Action item
Copy out precisely the lines of the material that follows, beginning with the line containing "EPCAM Antibody (clone OTI2G1)" and ending with its last line; exclude pictures.

Given material
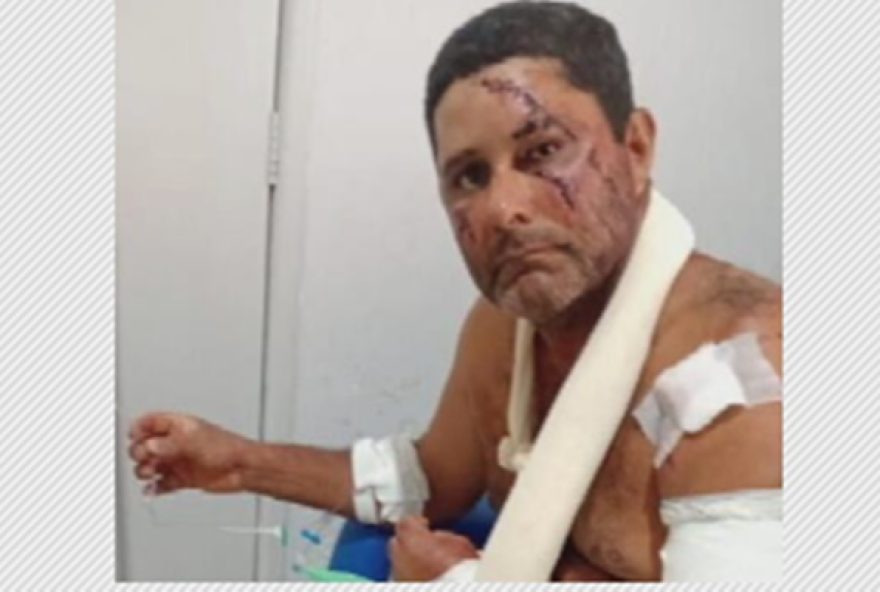 vaqueiro-e-atacado-por-onca-pintada-em-goias-se-defende-com-facao-e-sobrevive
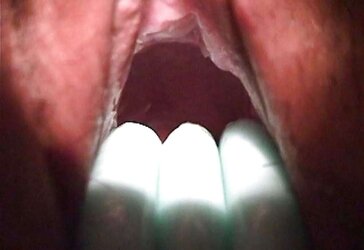 Flowers Muddler in vulva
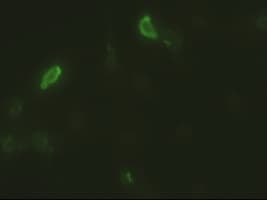 EPCAM Antibody (clone OTI2G1)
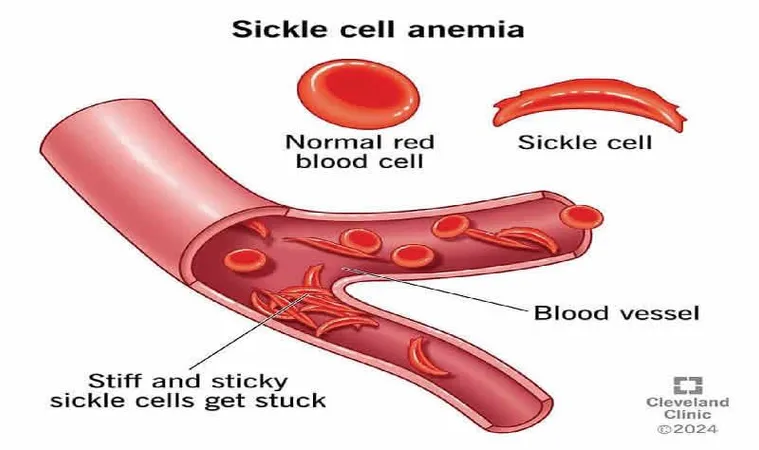 Sickle Cell Foundation Nigeria Advocates for Local Solutions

Solution to this problem
 EPCAM Antibody (clone OTI2G1)
 Sickle Cell Foundation Nigeria Advocates for Local Solutions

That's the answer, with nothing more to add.